▶ _INSTRUCTIONS TO FOLLOW_:
Output only the stretch of the listing that starts at the line containing "3881 Longview Dr, Chamblee, GA" and ends at the line containing "Buddha Stones蓮華座で瞑想する仏像 影模様", reproduced exactly with both ends.

::::::

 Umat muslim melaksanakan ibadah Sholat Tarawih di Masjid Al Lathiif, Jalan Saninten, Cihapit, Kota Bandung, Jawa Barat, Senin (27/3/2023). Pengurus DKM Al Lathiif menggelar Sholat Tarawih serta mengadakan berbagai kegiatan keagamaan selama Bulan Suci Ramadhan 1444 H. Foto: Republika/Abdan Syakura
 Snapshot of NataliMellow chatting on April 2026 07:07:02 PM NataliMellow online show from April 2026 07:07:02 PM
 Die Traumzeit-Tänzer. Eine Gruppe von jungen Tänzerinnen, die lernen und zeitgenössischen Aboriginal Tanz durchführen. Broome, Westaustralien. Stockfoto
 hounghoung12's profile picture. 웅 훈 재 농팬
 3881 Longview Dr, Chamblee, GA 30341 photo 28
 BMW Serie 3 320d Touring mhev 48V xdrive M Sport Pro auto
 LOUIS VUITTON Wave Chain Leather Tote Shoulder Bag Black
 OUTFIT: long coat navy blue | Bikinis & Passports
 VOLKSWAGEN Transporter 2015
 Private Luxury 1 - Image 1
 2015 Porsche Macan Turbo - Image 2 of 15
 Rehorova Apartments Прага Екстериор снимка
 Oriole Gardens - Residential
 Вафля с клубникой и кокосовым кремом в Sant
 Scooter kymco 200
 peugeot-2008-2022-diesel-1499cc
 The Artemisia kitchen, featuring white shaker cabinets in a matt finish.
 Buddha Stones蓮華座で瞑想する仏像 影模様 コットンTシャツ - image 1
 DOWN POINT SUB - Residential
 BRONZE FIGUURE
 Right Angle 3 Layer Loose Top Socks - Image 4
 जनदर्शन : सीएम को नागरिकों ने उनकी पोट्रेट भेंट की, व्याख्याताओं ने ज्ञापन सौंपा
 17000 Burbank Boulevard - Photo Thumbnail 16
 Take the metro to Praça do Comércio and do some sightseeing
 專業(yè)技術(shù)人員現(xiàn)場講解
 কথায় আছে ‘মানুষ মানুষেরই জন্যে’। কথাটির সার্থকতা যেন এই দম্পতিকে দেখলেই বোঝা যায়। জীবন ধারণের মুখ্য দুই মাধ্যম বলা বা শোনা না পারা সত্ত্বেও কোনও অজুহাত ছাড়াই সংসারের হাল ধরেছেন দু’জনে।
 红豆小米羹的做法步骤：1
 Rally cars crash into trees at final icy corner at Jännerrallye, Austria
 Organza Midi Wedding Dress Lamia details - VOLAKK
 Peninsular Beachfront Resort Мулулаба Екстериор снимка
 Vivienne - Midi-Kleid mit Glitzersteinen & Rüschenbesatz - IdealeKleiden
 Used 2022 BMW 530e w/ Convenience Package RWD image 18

::::::

▶ _EXPECTED OUTPUT_:
 3881 Longview Dr, Chamblee, GA 30341 photo 28
 BMW Serie 3 320d Touring mhev 48V xdrive M Sport Pro auto
 LOUIS VUITTON Wave Chain Leather Tote Shoulder Bag Black
 OUTFIT: long coat navy blue | Bikinis & Passports
 VOLKSWAGEN Transporter 2015
 Private Luxury 1 - Image 1
 2015 Porsche Macan Turbo - Image 2 of 15
 Rehorova Apartments Прага Екстериор снимка
 Oriole Gardens - Residential
 Вафля с клубникой и кокосовым кремом в Sant
 Scooter kymco 200
 peugeot-2008-2022-diesel-1499cc
 The Artemisia kitchen, featuring white shaker cabinets in a matt finish.
 Buddha Stones蓮華座で瞑想する仏像 影模様 コットンTシャツ - image 1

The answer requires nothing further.